*** Opening EXERCISE INPUT ***

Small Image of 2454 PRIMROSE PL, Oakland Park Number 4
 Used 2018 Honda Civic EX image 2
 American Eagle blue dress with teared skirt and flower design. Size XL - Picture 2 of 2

*** Closing EXERCISE INPUT ***
*** Opening EXERCISE INPUT ***

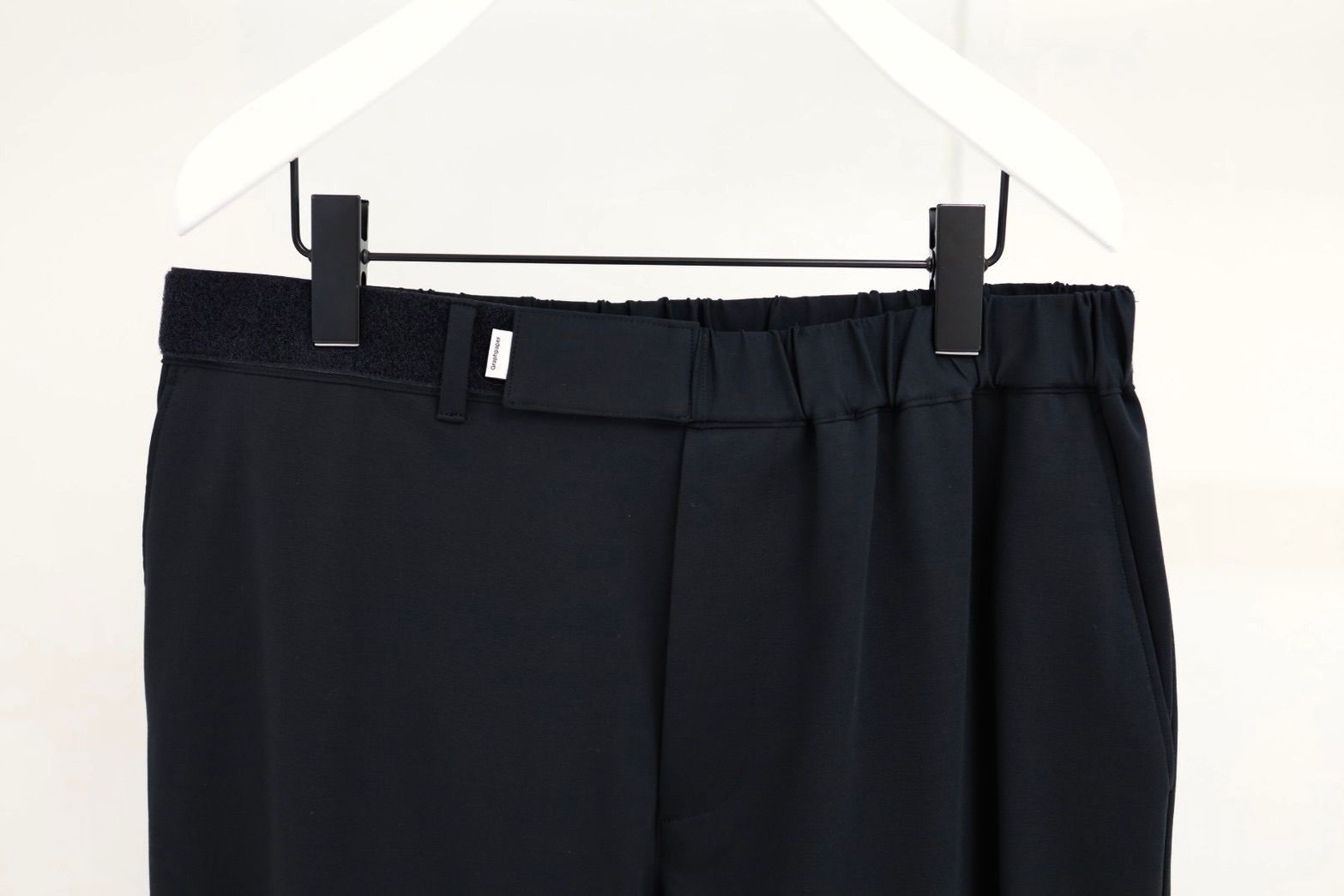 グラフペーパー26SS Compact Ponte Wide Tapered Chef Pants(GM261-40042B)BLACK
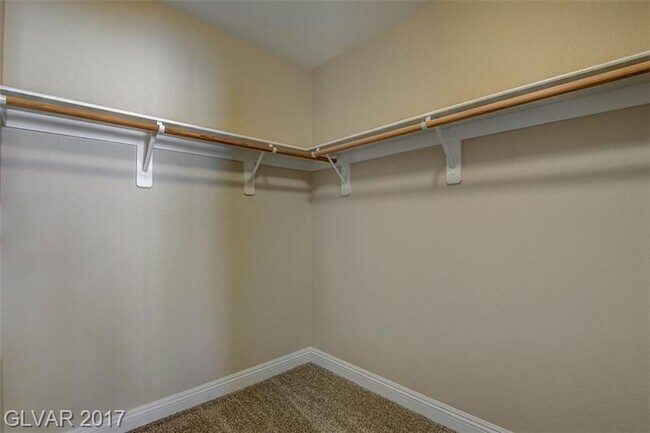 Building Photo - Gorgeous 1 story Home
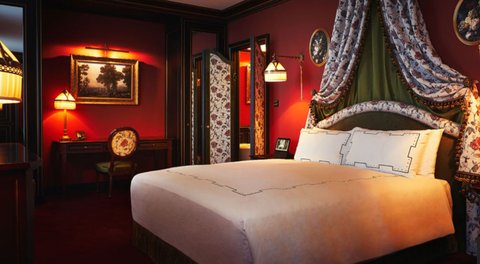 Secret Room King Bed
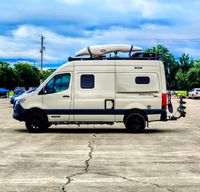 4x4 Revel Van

*** Closing EXERCISE INPUT ***

--- TASK OBJECTIVE ---
Everything in the material above from the line that has "Small Image of" through the line that has "American Eagle blue" must be duplicated exactly, with no other lines given.

--- ANSWER SPACE ---
Small Image of 2454 PRIMROSE PL, Oakland Park Number 4
 Used 2018 Honda Civic EX image 2
 American Eagle blue dress with teared skirt and flower design. Size XL - Picture 2 of 2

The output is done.